**EXERCISE OBJECTIVE:** Please repeat, exactly and without pictures, the lines of the entries below that run from the one containing "Trizen 1BHK Apartment For Rent in Colombo 2" through the one containing "appartamento in vendita".

**DATA EXCERPTS:**
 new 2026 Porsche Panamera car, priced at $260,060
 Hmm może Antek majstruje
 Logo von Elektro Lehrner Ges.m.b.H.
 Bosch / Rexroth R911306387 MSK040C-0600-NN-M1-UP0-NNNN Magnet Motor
---
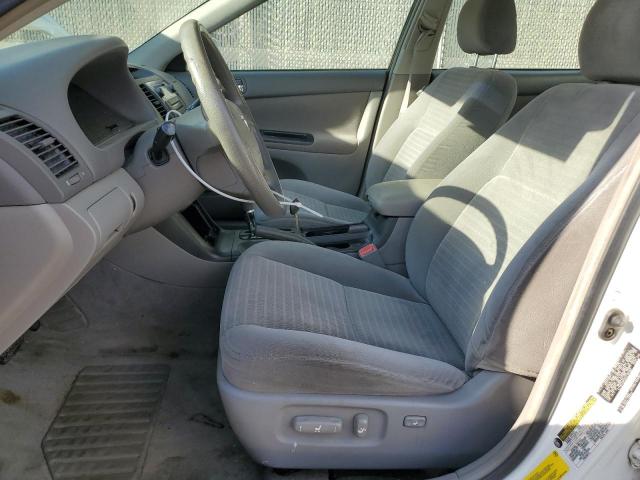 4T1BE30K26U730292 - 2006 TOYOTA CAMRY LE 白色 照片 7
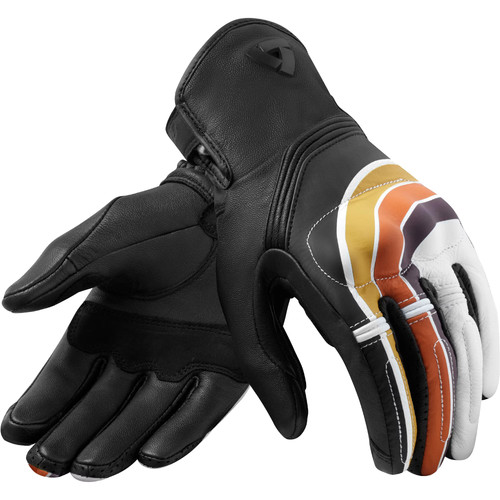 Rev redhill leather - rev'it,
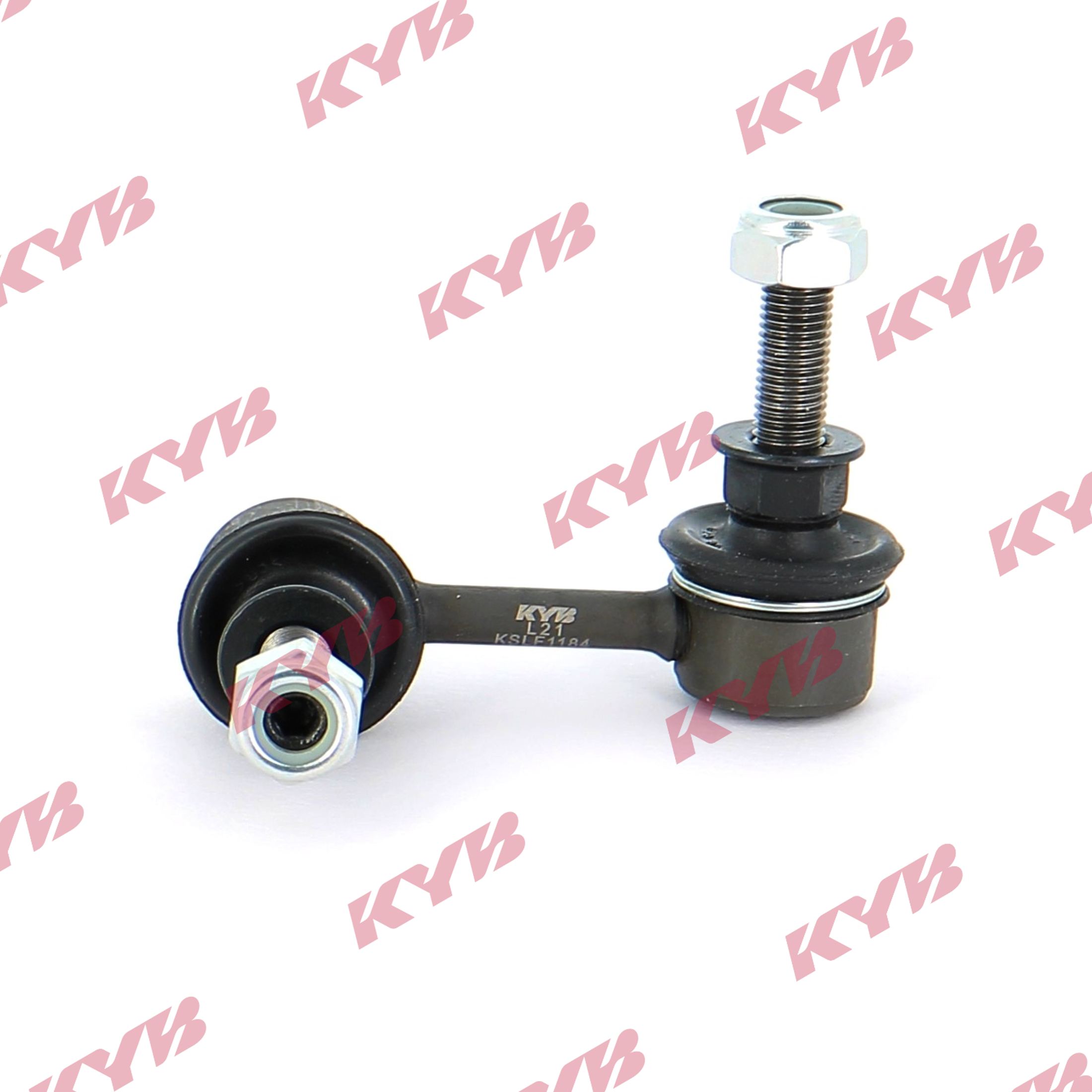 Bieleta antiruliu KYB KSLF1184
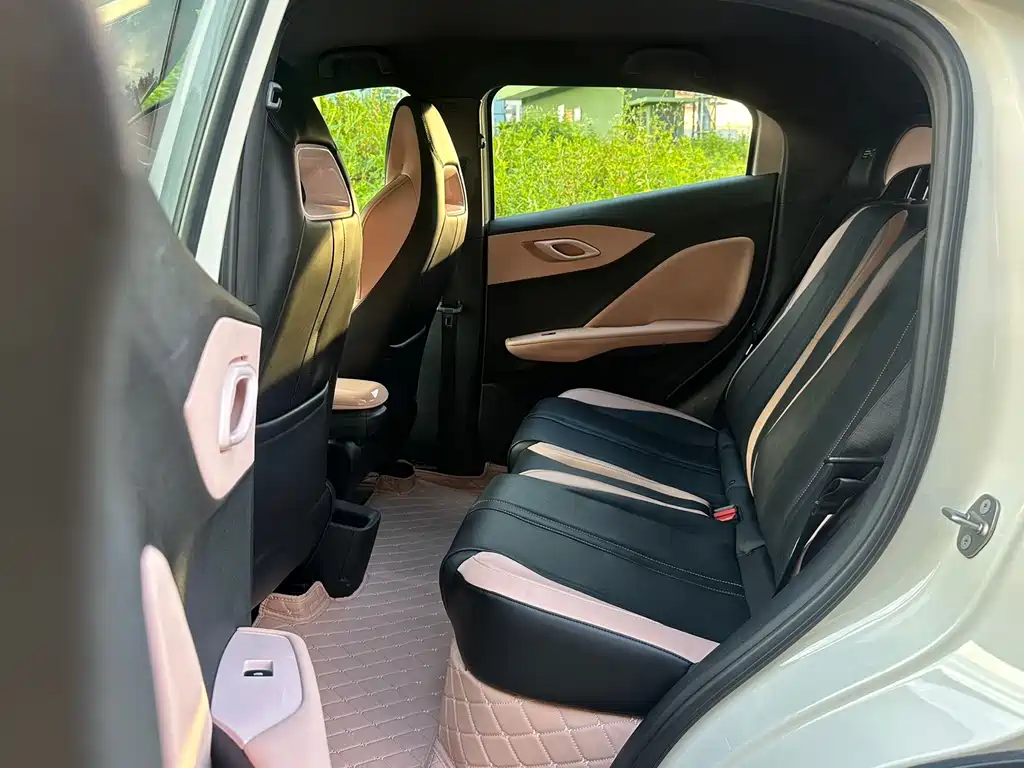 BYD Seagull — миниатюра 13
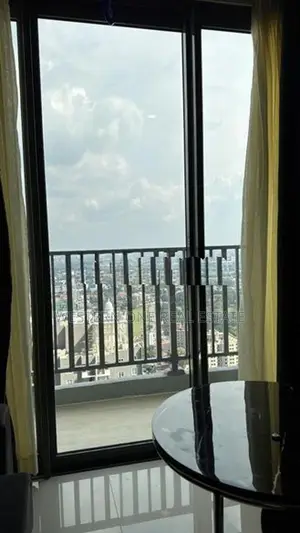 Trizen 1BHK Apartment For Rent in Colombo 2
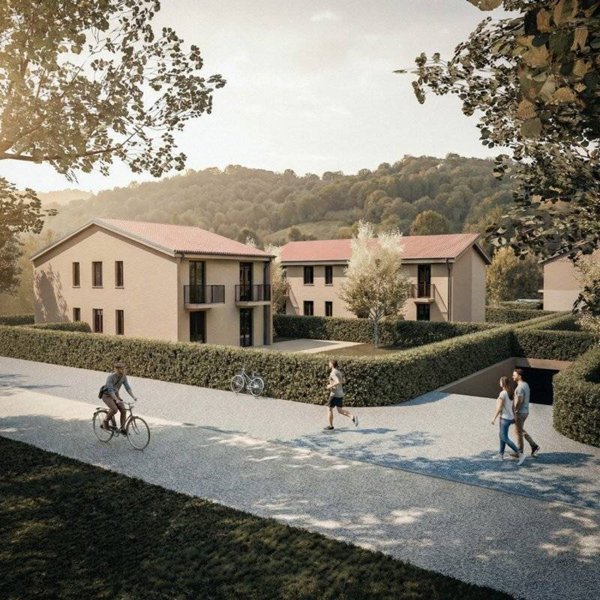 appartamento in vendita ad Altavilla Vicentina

**RESULT FOR THIS EXERCISE:**
 Trizen 1BHK Apartment For Rent in Colombo 2
 appartamento in vendita ad Altavilla Vicentina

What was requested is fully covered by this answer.